Reputation in the Community.
• Feldman: Butler describes Wichita coaches as "territorial," and Feldman emphasizes that seven of the eight seniors in the Potential Players stable this year -- all but Bryce Brown -- come from outside of the Wichita public schools system, mostly from programs producing their first I-A athlete.
• Dodd: Bryce Brown's coach likes Butler (though he doubts his transformative skills as a trainer), as does national recruiting guru Tom Lemming. The kids in the program work out at a local gym owned by former Kansas State star and NFL-er Mark Simoneau and his brother.

General Ambiance.
Feldman: "The lines are getting really blurred here."
• Dodd: "Prior to picking Miami [in 2007], Arthur fasted for a week along with Butler, Bryce and Arthur Sr., searching for 'clarification.' They all subsisted on water, juice and tomato soup. At the end of the week, they all, independently, had picked the Hurricanes."

Dodd loves the guy. Feldman, without saying so outright -- and possibly without even meaning to -- paints Butler as a sketchy, disorganized hanger-on. In fact, the only aspect of Feldman's post that made me hesitate at all to label Butler a creepy parasite is the fact the Potential Players existed for a few years before he recruited Brown and his older brother, Arthur (who just finished his first year at Miami), into the fold.

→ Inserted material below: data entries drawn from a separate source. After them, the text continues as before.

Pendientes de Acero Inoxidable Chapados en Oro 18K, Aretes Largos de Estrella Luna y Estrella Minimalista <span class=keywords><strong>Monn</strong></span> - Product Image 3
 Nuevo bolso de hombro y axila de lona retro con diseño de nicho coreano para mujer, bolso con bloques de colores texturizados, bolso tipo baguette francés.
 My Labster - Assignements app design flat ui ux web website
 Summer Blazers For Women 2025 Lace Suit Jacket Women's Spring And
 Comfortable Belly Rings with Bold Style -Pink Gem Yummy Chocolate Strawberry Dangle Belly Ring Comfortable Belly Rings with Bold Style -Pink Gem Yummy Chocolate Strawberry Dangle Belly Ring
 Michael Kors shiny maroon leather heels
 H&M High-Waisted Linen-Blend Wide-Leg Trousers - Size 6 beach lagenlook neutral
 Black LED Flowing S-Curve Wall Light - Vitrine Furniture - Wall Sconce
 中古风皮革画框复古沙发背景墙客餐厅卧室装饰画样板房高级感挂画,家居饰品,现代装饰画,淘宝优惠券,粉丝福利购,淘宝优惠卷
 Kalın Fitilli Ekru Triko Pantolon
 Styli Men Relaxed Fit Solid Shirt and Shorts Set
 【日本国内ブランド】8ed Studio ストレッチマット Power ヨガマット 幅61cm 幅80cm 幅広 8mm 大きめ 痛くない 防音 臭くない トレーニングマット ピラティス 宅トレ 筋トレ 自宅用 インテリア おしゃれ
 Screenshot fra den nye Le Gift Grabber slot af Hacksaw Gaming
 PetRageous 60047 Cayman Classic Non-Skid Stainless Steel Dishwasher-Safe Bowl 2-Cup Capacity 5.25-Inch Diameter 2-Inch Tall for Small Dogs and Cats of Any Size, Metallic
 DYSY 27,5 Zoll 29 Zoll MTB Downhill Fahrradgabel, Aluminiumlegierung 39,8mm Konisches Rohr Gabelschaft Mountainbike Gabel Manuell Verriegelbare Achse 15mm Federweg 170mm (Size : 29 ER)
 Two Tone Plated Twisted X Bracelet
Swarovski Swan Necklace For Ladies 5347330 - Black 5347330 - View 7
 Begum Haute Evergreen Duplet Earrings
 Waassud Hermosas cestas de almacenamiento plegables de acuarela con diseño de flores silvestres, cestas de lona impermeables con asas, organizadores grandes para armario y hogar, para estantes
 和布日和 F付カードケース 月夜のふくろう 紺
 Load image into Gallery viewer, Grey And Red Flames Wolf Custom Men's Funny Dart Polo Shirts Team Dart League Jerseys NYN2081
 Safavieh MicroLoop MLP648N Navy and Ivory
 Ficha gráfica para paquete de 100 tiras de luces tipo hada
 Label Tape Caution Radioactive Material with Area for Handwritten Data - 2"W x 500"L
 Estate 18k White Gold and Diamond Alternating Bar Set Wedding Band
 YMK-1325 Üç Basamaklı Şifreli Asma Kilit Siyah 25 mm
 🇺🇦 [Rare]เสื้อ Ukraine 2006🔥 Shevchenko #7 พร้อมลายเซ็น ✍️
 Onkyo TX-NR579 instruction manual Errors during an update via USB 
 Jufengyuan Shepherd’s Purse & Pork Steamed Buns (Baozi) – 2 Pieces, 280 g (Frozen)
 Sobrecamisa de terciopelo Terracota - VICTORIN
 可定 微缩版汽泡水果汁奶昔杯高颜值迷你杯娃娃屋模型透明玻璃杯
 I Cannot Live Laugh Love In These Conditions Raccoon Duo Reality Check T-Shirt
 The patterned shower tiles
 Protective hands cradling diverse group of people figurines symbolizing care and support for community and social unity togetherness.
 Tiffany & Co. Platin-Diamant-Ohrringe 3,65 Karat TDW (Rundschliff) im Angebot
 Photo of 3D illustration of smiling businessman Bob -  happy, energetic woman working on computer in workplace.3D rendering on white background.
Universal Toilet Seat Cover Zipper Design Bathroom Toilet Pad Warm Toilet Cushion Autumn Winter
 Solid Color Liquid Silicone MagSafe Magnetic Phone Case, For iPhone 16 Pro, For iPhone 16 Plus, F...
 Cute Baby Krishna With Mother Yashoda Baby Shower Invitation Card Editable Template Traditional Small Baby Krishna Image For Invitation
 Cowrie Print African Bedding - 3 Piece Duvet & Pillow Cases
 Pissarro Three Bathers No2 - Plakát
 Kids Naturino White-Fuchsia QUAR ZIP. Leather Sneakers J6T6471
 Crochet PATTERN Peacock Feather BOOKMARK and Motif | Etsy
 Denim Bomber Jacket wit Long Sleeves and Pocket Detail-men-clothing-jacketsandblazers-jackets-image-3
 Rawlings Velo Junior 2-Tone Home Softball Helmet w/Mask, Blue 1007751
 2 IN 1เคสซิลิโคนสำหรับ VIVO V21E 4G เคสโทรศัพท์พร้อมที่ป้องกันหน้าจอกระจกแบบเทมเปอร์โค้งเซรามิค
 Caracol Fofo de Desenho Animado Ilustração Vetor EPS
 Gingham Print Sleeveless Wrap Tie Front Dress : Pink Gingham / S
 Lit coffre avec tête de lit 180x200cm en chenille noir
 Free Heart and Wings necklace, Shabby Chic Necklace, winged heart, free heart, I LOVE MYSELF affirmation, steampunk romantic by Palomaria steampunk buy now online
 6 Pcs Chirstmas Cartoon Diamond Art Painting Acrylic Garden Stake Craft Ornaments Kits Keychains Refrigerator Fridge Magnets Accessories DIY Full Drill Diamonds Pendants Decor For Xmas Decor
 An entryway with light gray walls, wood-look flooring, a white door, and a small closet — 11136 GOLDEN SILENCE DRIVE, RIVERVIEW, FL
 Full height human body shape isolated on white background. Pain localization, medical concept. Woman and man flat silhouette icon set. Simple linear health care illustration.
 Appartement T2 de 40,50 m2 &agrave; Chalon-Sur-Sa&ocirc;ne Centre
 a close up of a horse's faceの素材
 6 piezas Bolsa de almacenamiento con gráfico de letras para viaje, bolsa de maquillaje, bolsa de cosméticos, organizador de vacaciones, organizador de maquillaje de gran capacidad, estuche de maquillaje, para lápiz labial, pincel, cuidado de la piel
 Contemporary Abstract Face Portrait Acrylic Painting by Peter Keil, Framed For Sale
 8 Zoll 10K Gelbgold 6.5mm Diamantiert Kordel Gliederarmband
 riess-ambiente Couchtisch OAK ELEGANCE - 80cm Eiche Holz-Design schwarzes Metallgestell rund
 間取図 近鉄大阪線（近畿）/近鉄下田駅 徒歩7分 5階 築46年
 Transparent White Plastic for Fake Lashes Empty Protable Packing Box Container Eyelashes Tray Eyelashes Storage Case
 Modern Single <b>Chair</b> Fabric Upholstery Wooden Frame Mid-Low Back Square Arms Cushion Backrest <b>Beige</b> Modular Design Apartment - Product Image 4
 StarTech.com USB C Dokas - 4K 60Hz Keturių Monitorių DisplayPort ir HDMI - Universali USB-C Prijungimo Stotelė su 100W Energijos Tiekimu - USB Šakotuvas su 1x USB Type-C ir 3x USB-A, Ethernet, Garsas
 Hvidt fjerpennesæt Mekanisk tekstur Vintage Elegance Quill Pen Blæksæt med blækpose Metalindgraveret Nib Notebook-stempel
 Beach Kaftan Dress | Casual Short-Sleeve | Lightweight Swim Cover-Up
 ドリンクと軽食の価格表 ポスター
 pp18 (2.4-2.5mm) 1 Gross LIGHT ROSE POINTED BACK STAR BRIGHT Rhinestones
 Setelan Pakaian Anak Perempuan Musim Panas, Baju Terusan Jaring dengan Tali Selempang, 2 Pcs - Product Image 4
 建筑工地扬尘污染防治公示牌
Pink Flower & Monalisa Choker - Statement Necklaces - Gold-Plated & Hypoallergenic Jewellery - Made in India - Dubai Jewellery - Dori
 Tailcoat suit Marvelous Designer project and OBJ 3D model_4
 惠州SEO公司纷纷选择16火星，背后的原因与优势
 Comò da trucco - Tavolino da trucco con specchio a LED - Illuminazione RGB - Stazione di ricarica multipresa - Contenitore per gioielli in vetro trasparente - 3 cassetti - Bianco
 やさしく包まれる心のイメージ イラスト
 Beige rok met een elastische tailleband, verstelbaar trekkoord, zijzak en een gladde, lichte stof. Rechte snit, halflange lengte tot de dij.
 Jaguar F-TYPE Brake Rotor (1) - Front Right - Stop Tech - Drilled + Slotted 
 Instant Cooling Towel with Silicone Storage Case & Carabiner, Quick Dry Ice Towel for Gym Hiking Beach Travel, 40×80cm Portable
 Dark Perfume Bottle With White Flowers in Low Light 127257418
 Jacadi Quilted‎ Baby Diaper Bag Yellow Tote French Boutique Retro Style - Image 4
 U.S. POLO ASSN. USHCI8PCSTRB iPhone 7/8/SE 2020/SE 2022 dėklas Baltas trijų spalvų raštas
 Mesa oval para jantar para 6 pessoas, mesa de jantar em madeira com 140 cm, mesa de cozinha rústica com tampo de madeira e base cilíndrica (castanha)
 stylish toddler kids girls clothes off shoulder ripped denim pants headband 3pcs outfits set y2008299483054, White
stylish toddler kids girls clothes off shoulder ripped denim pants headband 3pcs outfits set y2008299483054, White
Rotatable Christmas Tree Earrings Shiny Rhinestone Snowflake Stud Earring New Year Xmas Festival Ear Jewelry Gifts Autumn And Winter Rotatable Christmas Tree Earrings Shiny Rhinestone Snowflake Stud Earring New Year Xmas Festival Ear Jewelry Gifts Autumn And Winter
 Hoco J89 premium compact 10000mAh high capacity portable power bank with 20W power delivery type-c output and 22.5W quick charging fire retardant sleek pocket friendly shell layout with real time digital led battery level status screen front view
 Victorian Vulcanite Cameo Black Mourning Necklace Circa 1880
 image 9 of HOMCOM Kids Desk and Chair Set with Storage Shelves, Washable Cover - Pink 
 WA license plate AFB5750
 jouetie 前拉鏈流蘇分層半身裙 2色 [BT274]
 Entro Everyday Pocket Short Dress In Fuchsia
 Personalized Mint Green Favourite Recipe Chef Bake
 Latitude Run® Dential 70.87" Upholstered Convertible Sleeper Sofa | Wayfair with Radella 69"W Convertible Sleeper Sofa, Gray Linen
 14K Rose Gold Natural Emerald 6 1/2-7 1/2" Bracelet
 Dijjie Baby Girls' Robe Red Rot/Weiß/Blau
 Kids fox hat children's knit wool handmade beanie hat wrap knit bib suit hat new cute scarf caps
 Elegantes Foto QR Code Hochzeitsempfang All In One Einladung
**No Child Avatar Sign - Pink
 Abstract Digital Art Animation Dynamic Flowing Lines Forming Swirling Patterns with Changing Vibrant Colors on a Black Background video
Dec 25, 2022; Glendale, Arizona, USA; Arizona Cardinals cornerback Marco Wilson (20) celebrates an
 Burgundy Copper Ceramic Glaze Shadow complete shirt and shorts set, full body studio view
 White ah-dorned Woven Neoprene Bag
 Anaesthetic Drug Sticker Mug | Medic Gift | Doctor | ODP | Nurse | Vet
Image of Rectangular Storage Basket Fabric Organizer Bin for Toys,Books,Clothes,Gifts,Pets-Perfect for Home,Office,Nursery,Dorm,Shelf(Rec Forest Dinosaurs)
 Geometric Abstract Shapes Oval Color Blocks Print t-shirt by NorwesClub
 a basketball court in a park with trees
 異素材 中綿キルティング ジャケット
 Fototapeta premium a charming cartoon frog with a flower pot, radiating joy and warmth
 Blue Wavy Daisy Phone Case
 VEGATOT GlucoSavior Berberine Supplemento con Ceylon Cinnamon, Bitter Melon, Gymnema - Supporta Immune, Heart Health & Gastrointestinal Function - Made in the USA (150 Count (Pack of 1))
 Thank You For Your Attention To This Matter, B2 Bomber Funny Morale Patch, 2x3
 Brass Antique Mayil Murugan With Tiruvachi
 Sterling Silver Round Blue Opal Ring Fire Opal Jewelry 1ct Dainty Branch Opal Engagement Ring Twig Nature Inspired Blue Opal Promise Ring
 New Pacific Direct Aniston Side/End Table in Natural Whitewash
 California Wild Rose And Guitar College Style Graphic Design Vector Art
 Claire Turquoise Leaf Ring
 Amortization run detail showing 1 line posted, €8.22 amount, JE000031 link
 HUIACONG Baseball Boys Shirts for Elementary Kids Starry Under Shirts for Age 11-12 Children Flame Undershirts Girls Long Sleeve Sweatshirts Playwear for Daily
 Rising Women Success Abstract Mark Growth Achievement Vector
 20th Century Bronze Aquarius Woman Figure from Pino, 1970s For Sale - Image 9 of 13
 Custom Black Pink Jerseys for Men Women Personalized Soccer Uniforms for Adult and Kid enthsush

Dodd's account effectively counters those cynical instincts. There appears to be quite a bit of legitimate football-related activity going on; this is by no means an ex-con bribing Reggie Bush to become the first client in his new "agency." On that note, there's no indication in either story that Butler has any ambition at all to seek residual green should either Brown brother or any of his other protegés break into the big time -- although I guess we'll really only be able to cross that bridge when we come to it. If Bryce Brown fulfills his potential and Butler is still putting teenaged Kansans through agility drills, I think it will be fair to say he's legit.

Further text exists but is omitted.